Eh?  You have three other working sites so the users don't see a problem.
Your have to go to the site to fix the fan at some point, so I'm not sure
what your "visit" point adds.

If we assume the average MTBF for a server is 1 fault every 6 months. I'd
also assume that a fan could be fixed in a server in less than four hours
but it sounds like your driving to the site yourself, hence assuming 1 day
to fix the fan 1/182 = 0.55% chance of second server failure during the
fault fix outage.

Scenario 1: Two fans per server:  If one fan fails the server stays up and
an engineer fixes the fault within the next 24 hours and service is
restored.

Scenario 2: One fan per server  If the fan fails, the server goes down but
the service runs at the other site automatically. The service is at risk of
going offline until the engineer has completed the fix.

Suppose the second server does go down sometime during the 24hr fix. On
average this fault will last 12 hours.  So in order for the extra £100 fan
to be cost effective you need to be making profit from this server at a rate
greater than £100/0.55%  = £18,250 in 12 hours.   So unless your making
£13Million *profit* per year off this service you're losing on the deal.

Add in the fact that more fans means
- more things to break and hence need site visits (something you were keen
on reducing)
- more spares needed in the back office
- more power consumption,
Then do you want dual RAID controllers, dual SAN connections, dual ethernet
for redundant NIC. (or multi-homed and redundant NIC).  At £100 - £1000 a
pop your almost half way to a new server.

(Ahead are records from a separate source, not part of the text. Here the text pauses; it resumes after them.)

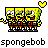Pixel art of four yellow sponge characters in brown pants with red shirts, one version featuring a floating heart above the group.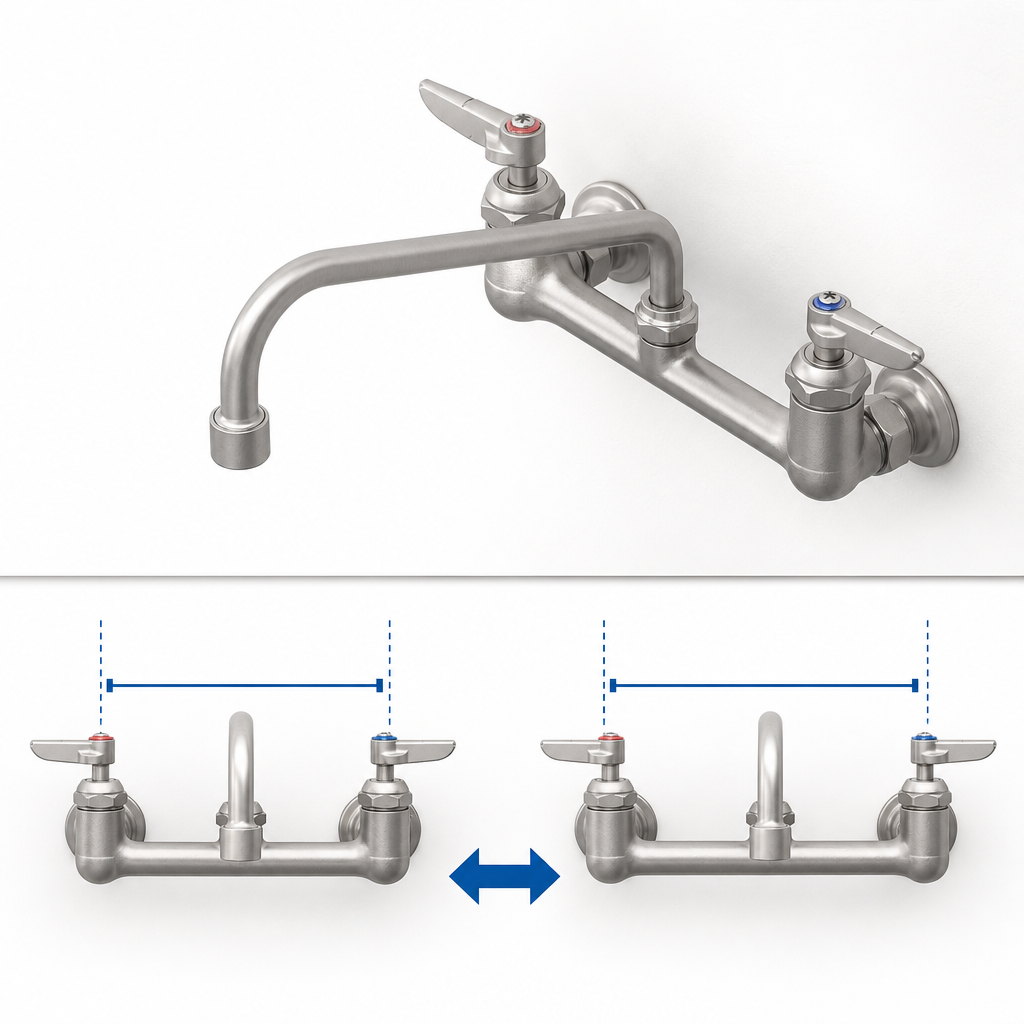 Adjustable 8-Inch Wall Mount Centers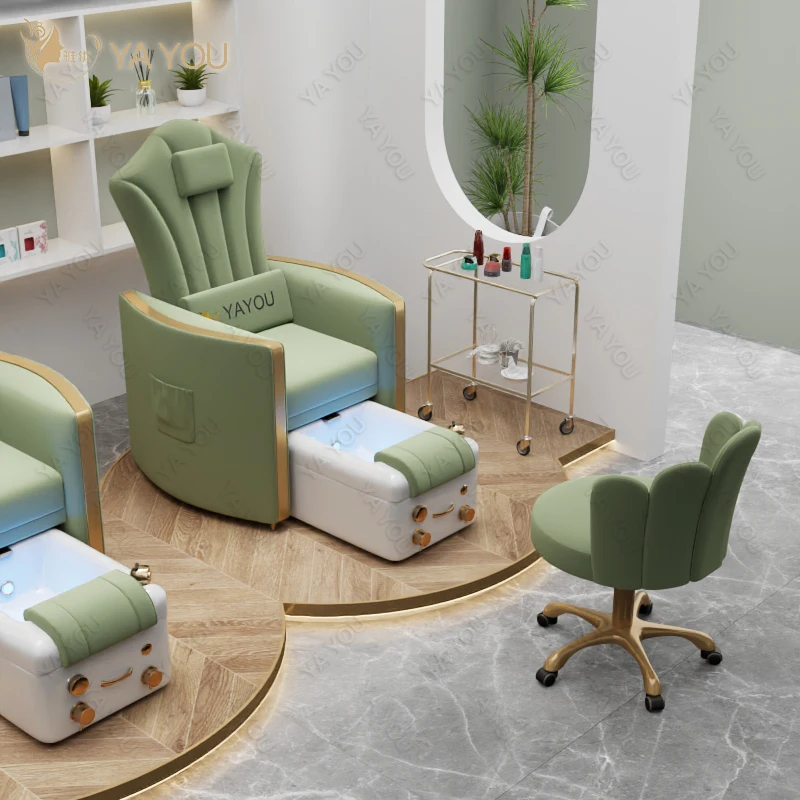 

2023 Green New Ceramic Basin With Drainage Pump Foot Massage And Pedicure Chair Can Be Customized LOGO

One more point that needs to be added. How many times have you logged on to
a server to get a wall message or pop-up saying "Foo is busted" and discover
it has been so for the last 4 weeks. The real problem with resilience is
that if you don't monitor for it, you don't have it.   Spotting that servers
are down is easy, getting the SuperCool2000's fan monitoring software to
integrate with your systems management tool is hard.

Cheers

Alistair